Schwartz questioned much of Sandoval’s proposed $782 million in new K-12 education spending, saying many of the programs are more like “social work” than schoolwork. He said he doesn’t see why the state should spend $30 million on anti-bullying programs, for example.

“There are some good reforms,” he added, mentioning “zoom schools” to help disadvantaged students. “But are we getting our money’s worth?”

Knecht, who said he hasn’t committed to any final proposed budget but is working with Schwartz on his plan, argues that he and the treasurer have a duty to weigh in on the budget as the top two elected constitutional fiscal officers in the state, although Nevada’s treasurer and controller have never done so in the past.

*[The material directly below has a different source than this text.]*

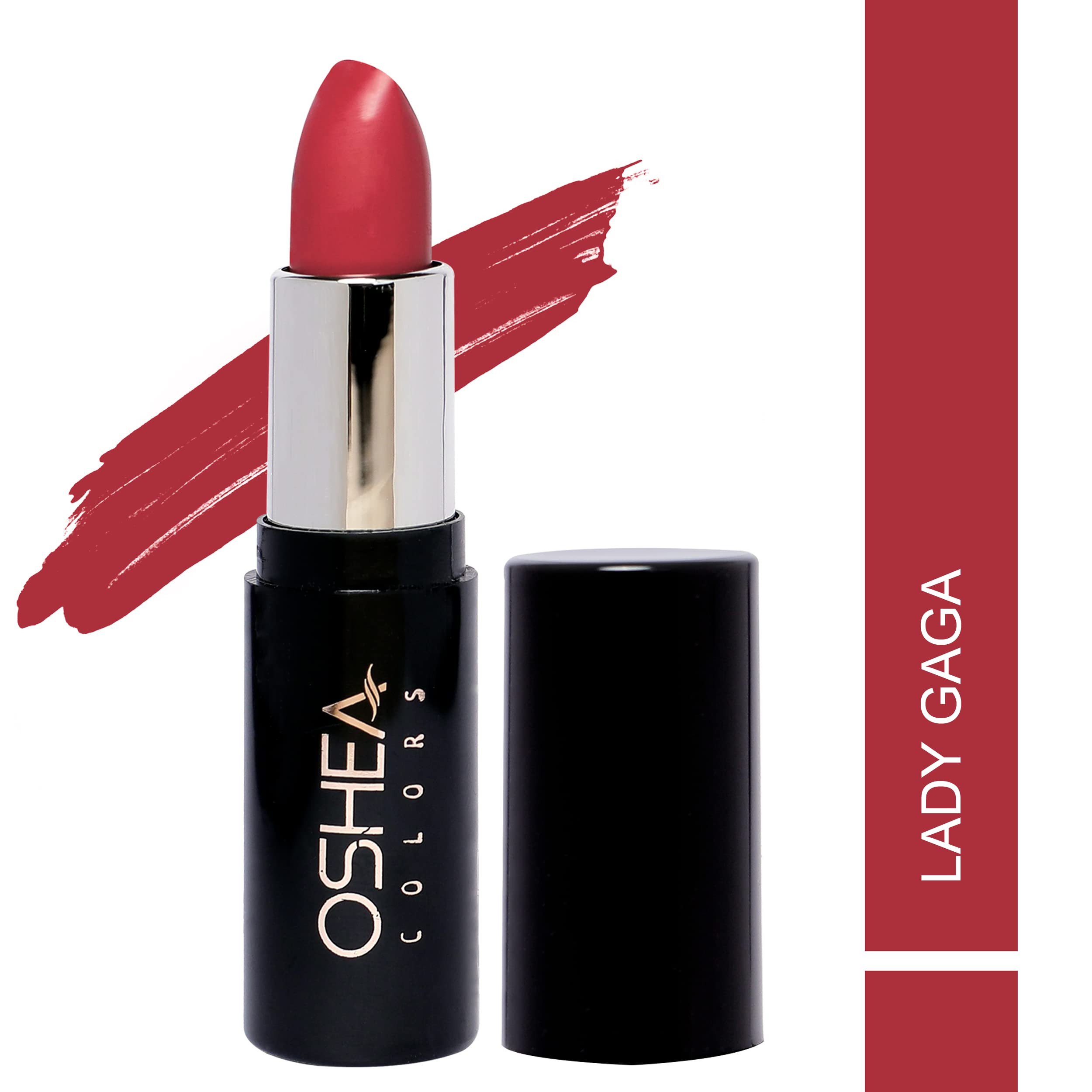 Oshea Colors Creamy Matte Lipstick - Long Lasting, Non-Drying Formula with Castor Oil & Shea Butter | Paraben Free | Perfect for Everyday Wear & Special Occasions (Lady Gaga 09, 4.2g)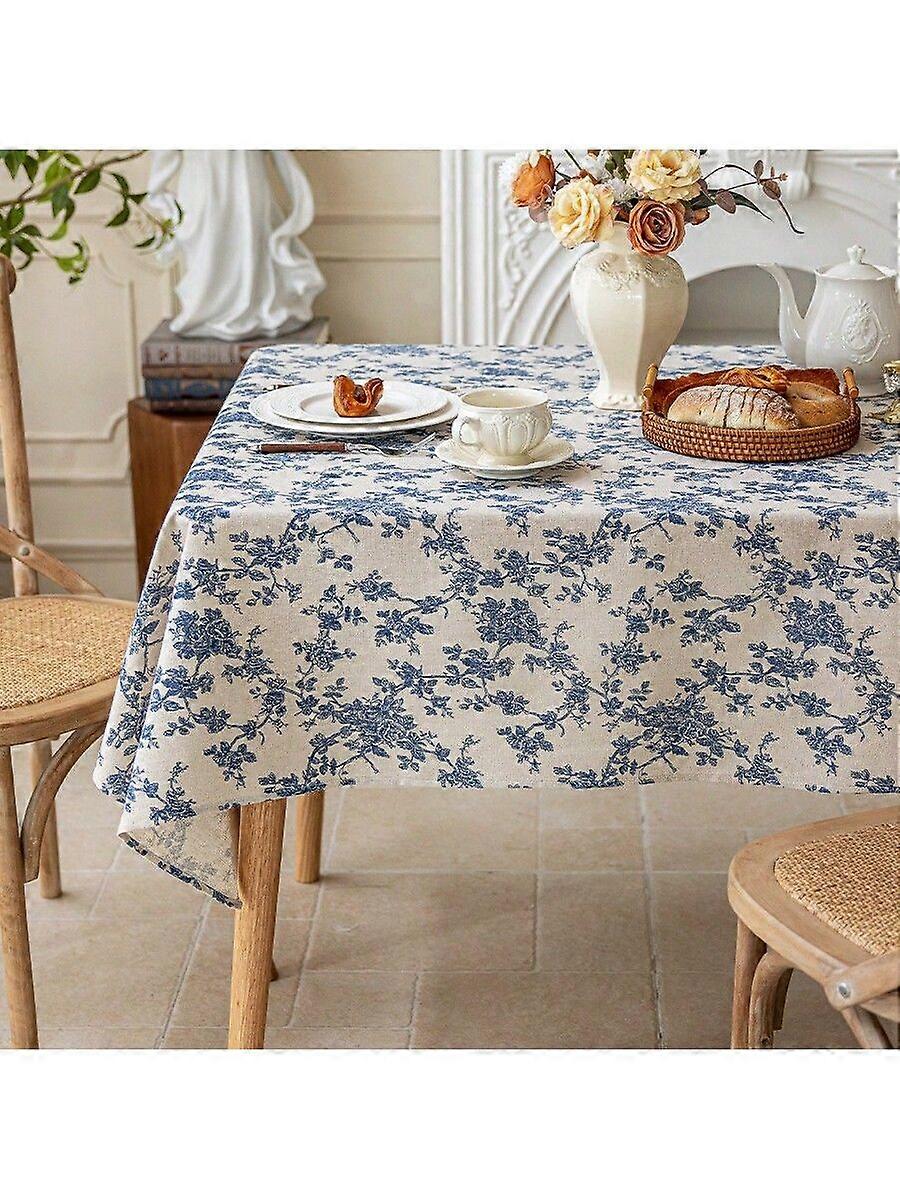 1pc Rectangular Tablecloth, Elegant American Style Printed Washable Dust & Oil Proof Tablecloth For Dining Table, Bar, Coffee Table, Outdoor Picnic, P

“Our goal is to address the issues in ways that best serve the public interest and provide for Nevada’s children in the long term,” Knecht wrote in January in his first monthly controller’s report, in which he laid out his fiscal philosophy.

The controller, a longtime opponent of massive tax hikes, was a member of the Assembly in 2003 when he was among 15 Republicans who blocked a proposed record $1 billion plan to tax gross business receipts under then-Gov. Kenny Guinn.

“I’m not trying to pick a fight with the governor,” Knecht said. “I’m trying to make a positive, constructive contribution.”

So far, Sandoval appears to have ignored the two Republicans’ attempts to influence the budget process in the latest example of divisions in the executive branch. The moderate governor is surrounded by conservatives who won office Nov. 4 thanks to a red wave of voters and low Democratic turnout.

Only Lt. Gov. Mark Hutchison, who was recruited by Sandoval to run as his No. 2, has not given the governor heartburn this year.

Last month, Attorney General Adam Laxalt had Nevada join with 25 other states in a lawsuit challenging President Barack Obama’s executive actions on immigration.

Laxalt didn’t discuss the suit with Sandoval before joining it.

Secretary of State Barbara Cegavske is promoting a voter ID program to require Nevadans to show government-issued identification to cast ballots, although she hasn’t yet released details of a bill. She plans to back a bill once a measure is introduced by a GOP lawmaker. Sandoval has supported the idea of voter ID in the past but has distanced himself from Cegavske’s plans.

Mark Peplowski, a political science professor at the College of Southern Nevada, said the GOP constitutional officers going their own way “is not conducive to party consistency or cohesion.” He noted that already there are divisions in the legislative ranks with conservative Republicans lining up to oppose Sandoval’s tax plan, especially in the Assembly.

“Now it appears there are going to be divisions in the executive ranks,” Peplowski said. “What looked like a few bright moments for Republicans to have control of everything is turning into a potential nightmare.”

Robert Lang, director of the Brookings Mountain West think tank, said Schwartz and Knecht are supposed to be carrying out regulatory functions, signing checks and making sure the bills are paid, not being involved in setting the state’s agenda.

Still, Lang said some officials who were elected Nov. 4 “feel they have a mandate as well” and, in fact, both Schwartz and Knecht campaigned on the idea that they would be proposing an alternative budget.

“They have their own little government going,” Lang said. “It is very unusual. The Legislature and the governor are charged with setting tax policy, passing budgets and setting the agenda. … If you want to do that, get elected governor.”